╭─ Record excerpts
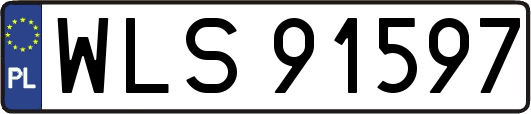 WLS91597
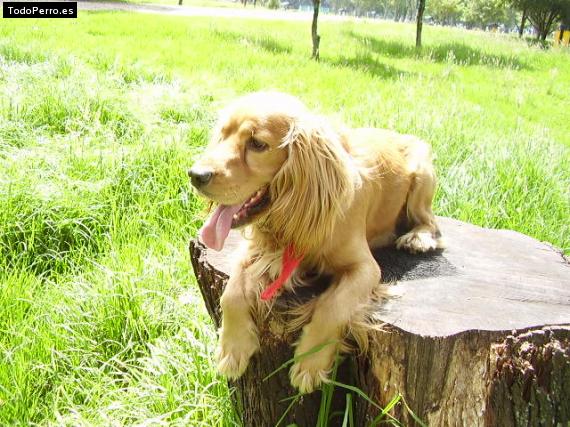La foto del perro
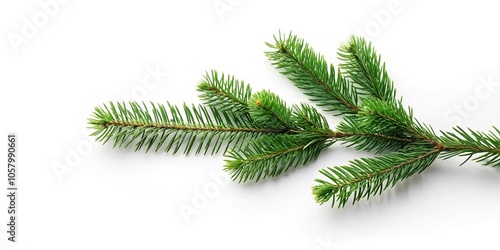 Minimalist Christmas tree branch isolated on white background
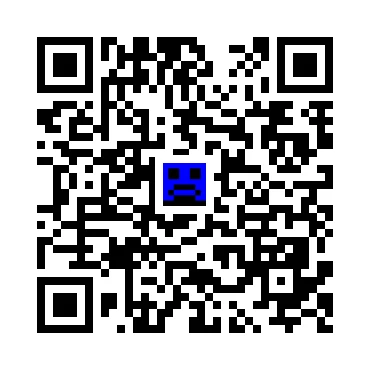 skins.qr_code_alt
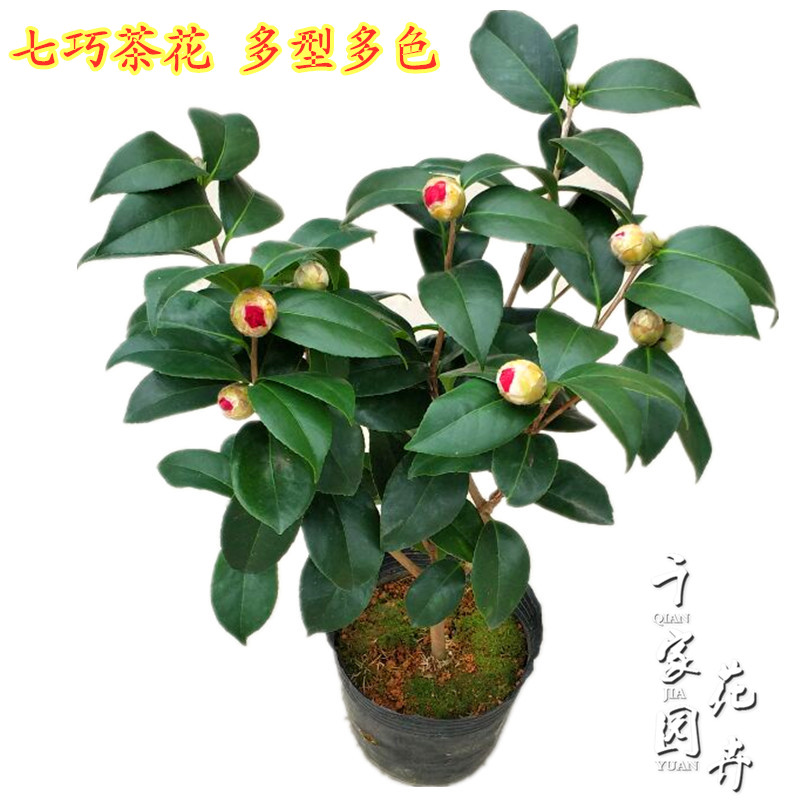 七巧茶花盆栽福建大朱砂名贵品种山茶花卉四季阳台庭院绿植茶花苗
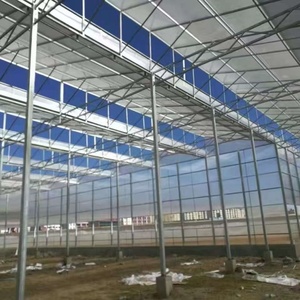 <span class=keywords><strong>Serre</strong></span> en verre pour la culture du chou frisé, conception résistante aux climats frais et riche en nutriments, légumes sains - Product Image 5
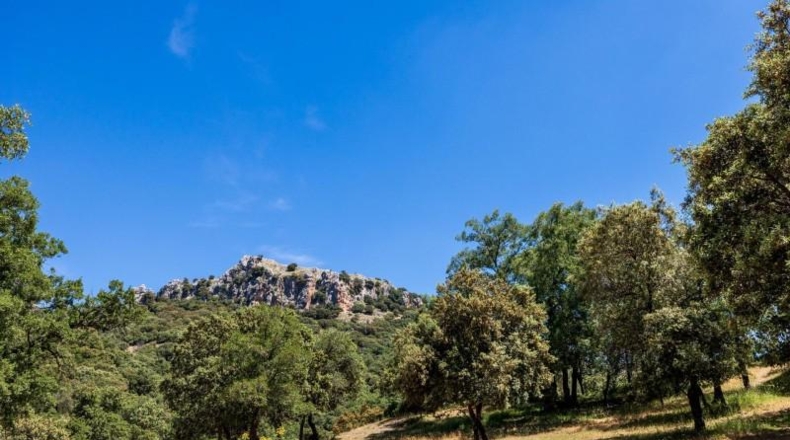 Гранада - Huétor de Santillán - 1509m2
╰─
What you will do: Every record should come back exactly as it is, though none of the pictures should.

Answer to the exercise:
 WLS91597
La foto del perro
 Minimalist Christmas tree branch isolated on white background
 skins.qr_code_alt
 七巧茶花盆栽福建大朱砂名贵品种山茶花卉四季阳台庭院绿植茶花苗
 <span class=keywords><strong>Serre</strong></span> en verre pour la culture du chou frisé, conception résistante aux climats frais et riche en nutriments, légumes sains - Product Image 5
 Гранада - Huétor de Santillán - 1509m2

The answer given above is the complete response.